Sunday, September 21, 2008

Miton's Parallels

Lycidas

by John Milton, 1637

Yet once more, O ye laurels, and once more,
Ye myrtles brown, with ivy never sere,
I come to pluck your berries harsh and crude,
And with forced fingers rude
Shatter your leaves before the mellowing year.
Bitter constraint, and sad occasion dear,
Compels me to disturb your season due;
For Lycidas is dead, dead ere his prime,
Young Lycidas, and hath not left his peer.
Who would not sing for Lycidas?
He knew Himself to sing, and build the lofty rhyme.
He must not float upon his wat'ry bier
Unwept, and welter to the parching wind,
Without the meed of some melodious tear.

.....

-An excerpt from Milton's elegy of the drowning of a Cambridge schoolmate and friend.
http://www.dartmouth.edu/~milton/reading_room/lycidas/

Why Parallel?

The structure of a poem, its craft, alliteration, assonance, meter and emotion all have architectural relevance. The sadness of the poem, despite of Samual Johnson's opinion, rubs off on us. Lycidas, like all good poems, needs us in order to be, in order come alive when someone reads them. Just like warm coals glow bright and deep under the below's gust, a good poem allows us to precieve within them a world of our own; a world different from the author who created it, a world which can change and flutter with in our personal indisyncracies.

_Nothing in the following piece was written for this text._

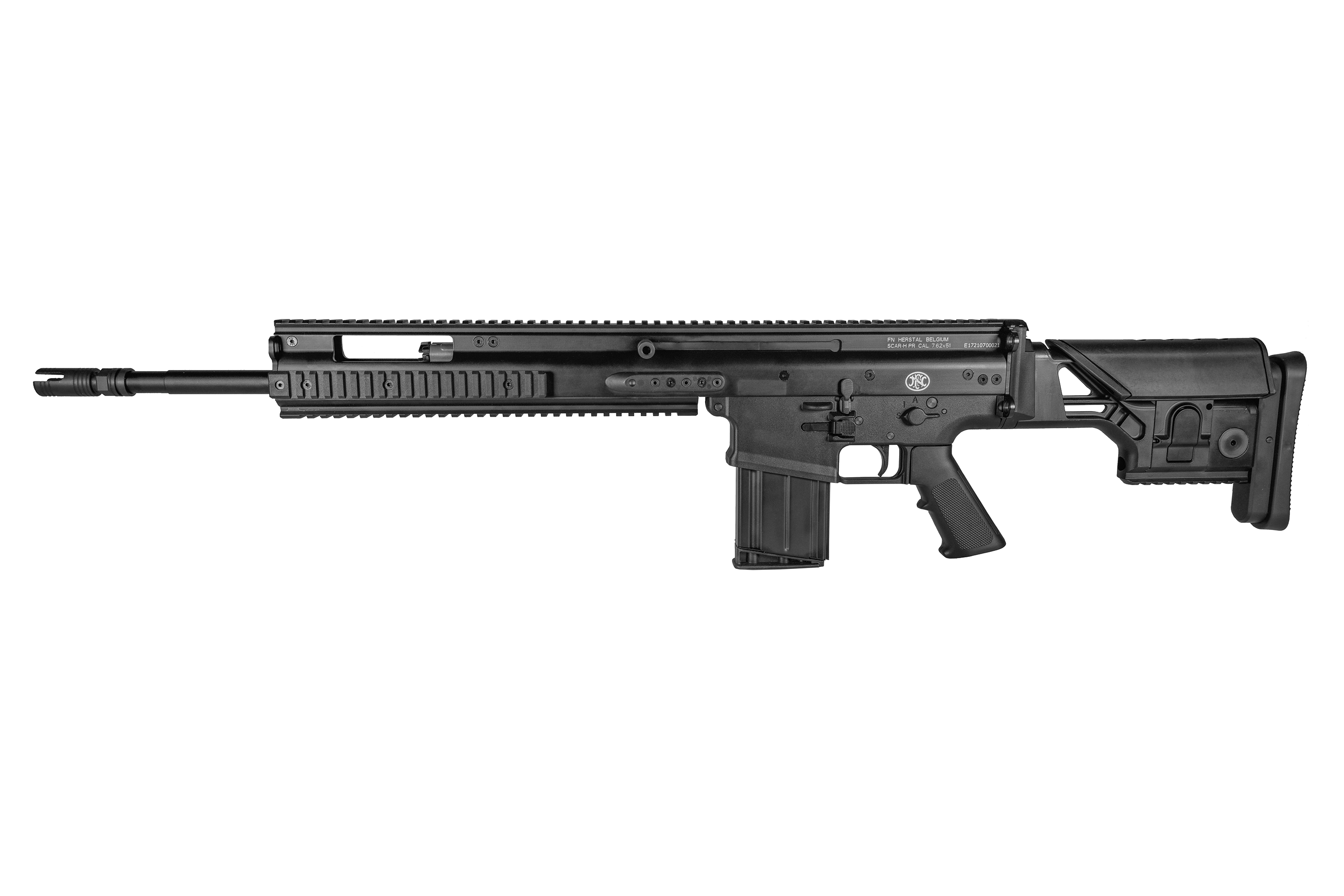 Schwarzes FN Herstal SCAR-H PR-Luftgewehr mit taktischem Schienensystem, verstellbarem Schaft und Magazin auf weißem Hintergrund.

Good poems, like good buildings make us feel, think and question our existence. Why do we die, why do we grieve, why am I here? They are spatial, have corpreal presence, are metaphysical and are economical. For me, parallel means non-direct, non-frontal, tandem relationships.

Good poems have parallels.

This of course also calls into question what is 'good'.